Sevgili kendim...
Huzur kokan bir sakinlikte iki taş koyup çalı çırpıyla ateş yakmak ve Beni anlayan tavşan kanı çayımı hazırlayıp kendimle dertleşmek istiyorum. Alevler odunlara, yanan ateş ise isli çaydanlığa fısıldarken demini alan çayım nasıl bardağa derdini döküyorsa benimde dudağıma değen bardaktan çıkan sıcacık çayın dumanını içime çekerken kendime derdimi dökmek istiyorum.
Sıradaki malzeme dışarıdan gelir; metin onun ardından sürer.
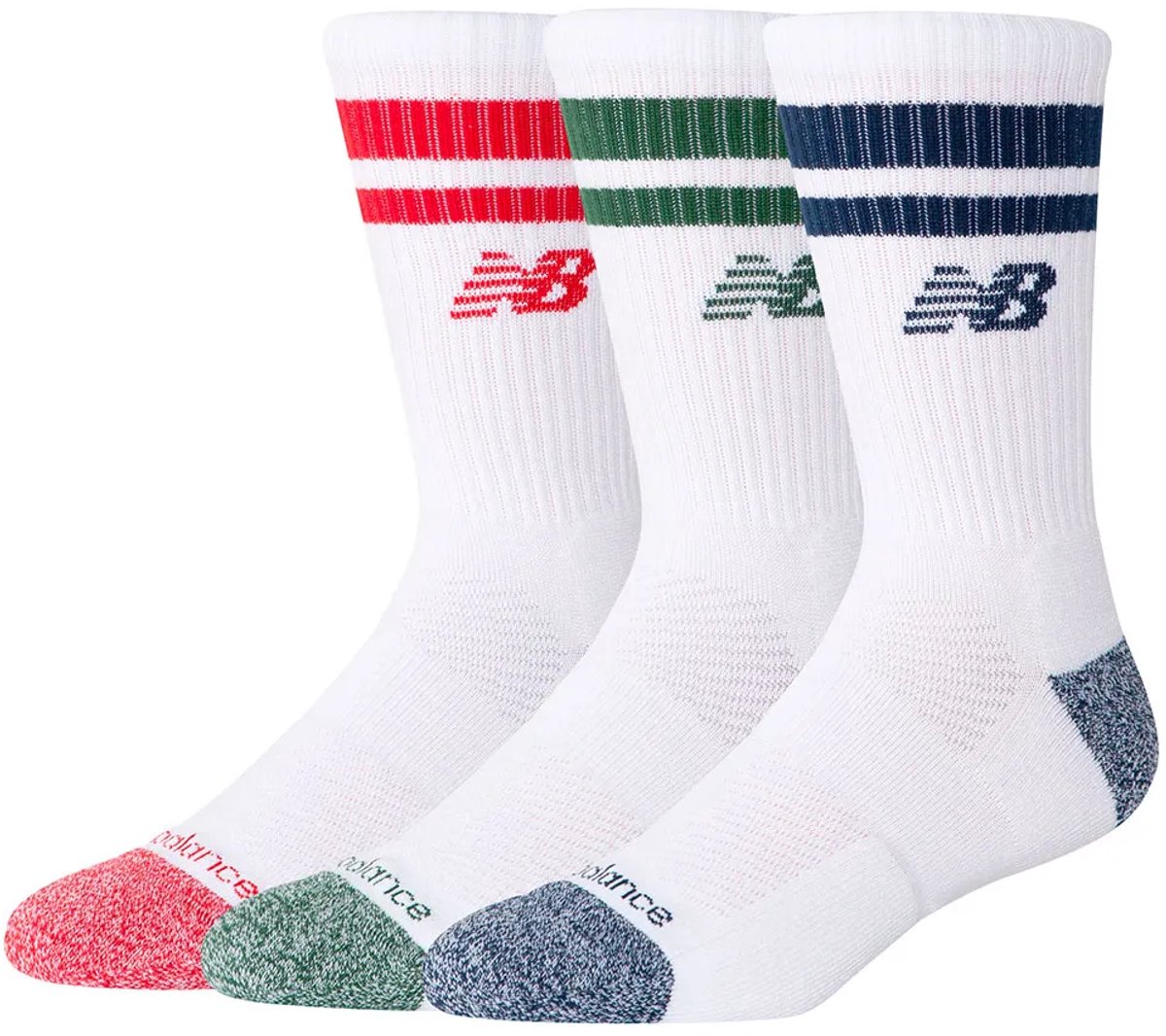 New Balance Active Premium Stripe Crew Sock Unisex Sportsokken - ASSORTED — cadeau in Cadeau-ideeën - foto 5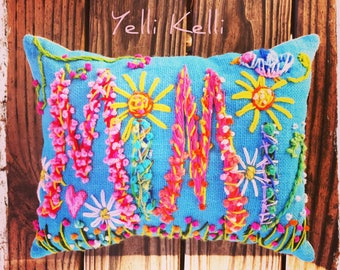 Special Size Bohemian Name Pillow Made To Order YelliKelli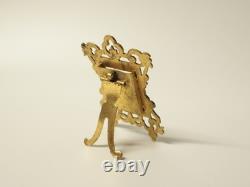 Two antique miniature frames, solid silver and gilt copper, 20th century
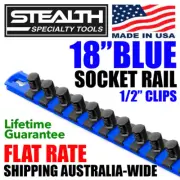 STEALTH 18" Socket Rail Blue with 1/2 inch Twist Lock Clips
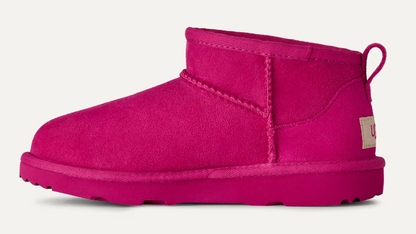 Grade School Ugg Classic Ultra Mini - Dark Peony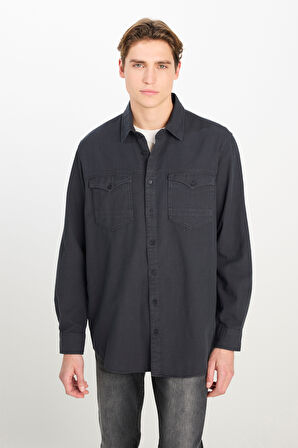 Regular Fit Normal Kesim %100 Pamuk Gömlek Ceket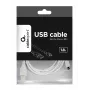 Gembird CCP-mUSB2-AMBM-6-W USB 2.0 A Micro-USB B kaabel, 1,8 m, valge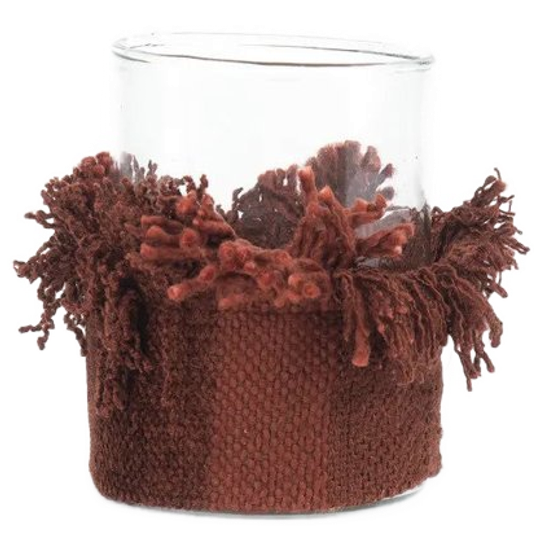 Bazar Bizar | De Oh My Gee Kaarsenhouder - Bordeaux Velvet - M 1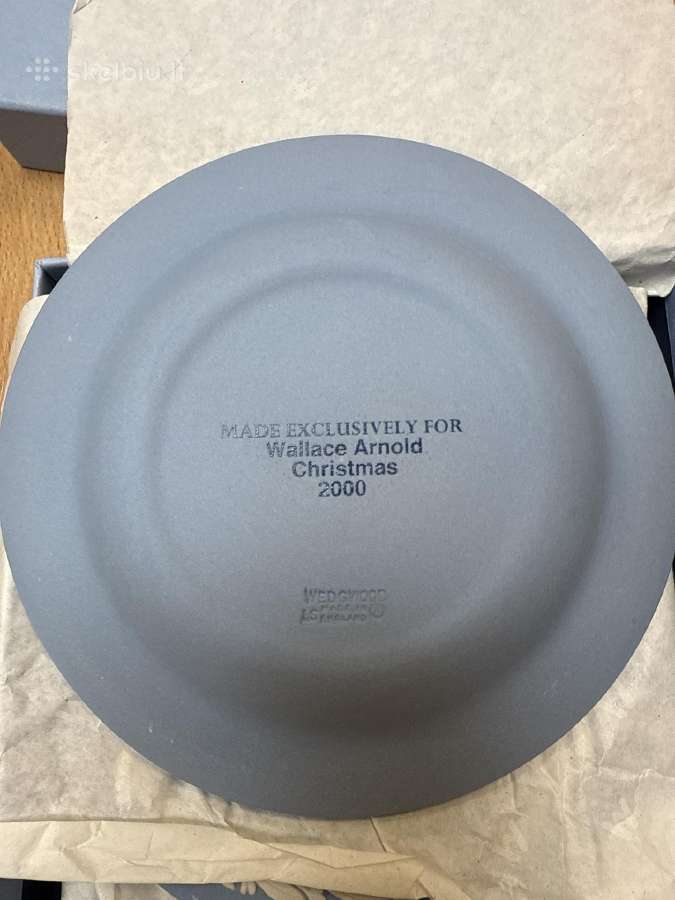Wedgwood Jasperware kolekcinės kalėdinės lėkštės - nuotraukos Nr. 3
Farkındayım işten güçten değilde içten yoruldun. Hep birilerine koşturduğun için kendini unuttun. Onların umutsuz kalplerine dokunup azda olsa gülümsesinler diyeçaba sarfettin. Ama senin varlığını unutup fazlasıyla yordum seni.. Her şeye koşayım , her derde yetişeyim , herkesi mutlu edeyim derken yetiştiğin sadece nasibinden öte değilmiş bilemedim. Yağmur yağdığında açtığın şemsiye bile yağmur bitince yük olurmuş ya insana. Meğer işi bitince kimlere yük olmuşum ben.Halbuki belki düzelir diye umut ettiklerin vicdanlarını öfkeye kiralamışlar da bilemedim.
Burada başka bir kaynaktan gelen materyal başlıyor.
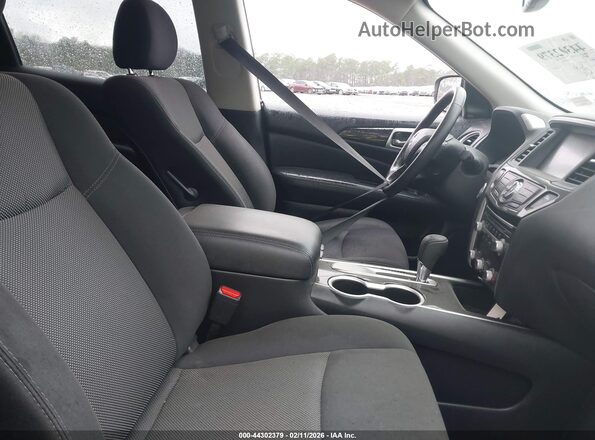 5N1DR2BN0LC580845 2020 NISSAN PATHFINDER Dark Blue Вид салона спереди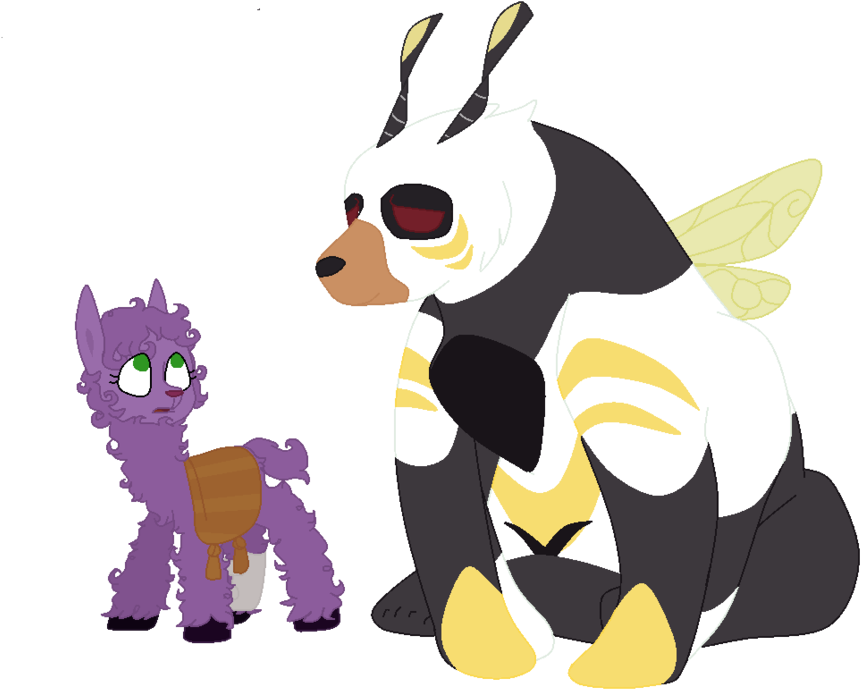 Of Alpaca And Bug Bear By Ari-10 - Cartoon (894x894)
Ah benim derinlerde bir yerde çiçekler ekip yeni baharları umutla beklediğim ömrüm. Bu kadar kirliliğe rağmen yediveren gülleri ektiğim gülistanım. Her mevsim açacaktın hani. Ne zaman kuruttular ki senin gül bağını. Ya zamansız ağaran saçlarım. Babamın tahta tarakla tararken kıyamayıpta öpüp kokladığı o saçlarım. Her bir telinde bir yaşanmışlık her bir telinde ayrı bir hikayesi olan. Tek tek nasılda beyazladılar. Ha bide herkesi kendi gibi bilen, güveni boşa çıkan kalbim vardı değil mi?
Hassına düşen gül olurmuşta ; ya düşmeyen... Düşmeyende içli içli yanarak kül olurmuş işte..
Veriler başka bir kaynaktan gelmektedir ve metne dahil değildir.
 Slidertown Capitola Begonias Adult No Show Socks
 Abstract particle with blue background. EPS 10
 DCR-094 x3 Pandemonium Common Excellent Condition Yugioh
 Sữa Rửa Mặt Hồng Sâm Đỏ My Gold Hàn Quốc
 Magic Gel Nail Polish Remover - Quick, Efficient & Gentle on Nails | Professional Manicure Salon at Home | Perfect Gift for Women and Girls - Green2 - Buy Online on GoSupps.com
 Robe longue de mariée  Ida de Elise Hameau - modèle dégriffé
Sabret kimsen yoksa sen tebessüm ettin diye sana sevap yazan bir rabbin var. O darda kalanıda bilir kırılan kalbide... Hayat senaryomuzu yazanın bir bildiği vardır elbet.
İmtihanmıydı yoksa insanlarmıydı ağır gelen. Sabret yüreğindeki sıkıntılar misafirdir yaradandan ; elbet gelip geçer.
Unutmaki nasip gayrete aşıktır.
Meğer daralan kalpleri ferahlatmak için yazan ne güzel yazmış.
“Ben gönlümü yoran her şeyi bile hayra yormuşum...
Kulun işi rast gele..”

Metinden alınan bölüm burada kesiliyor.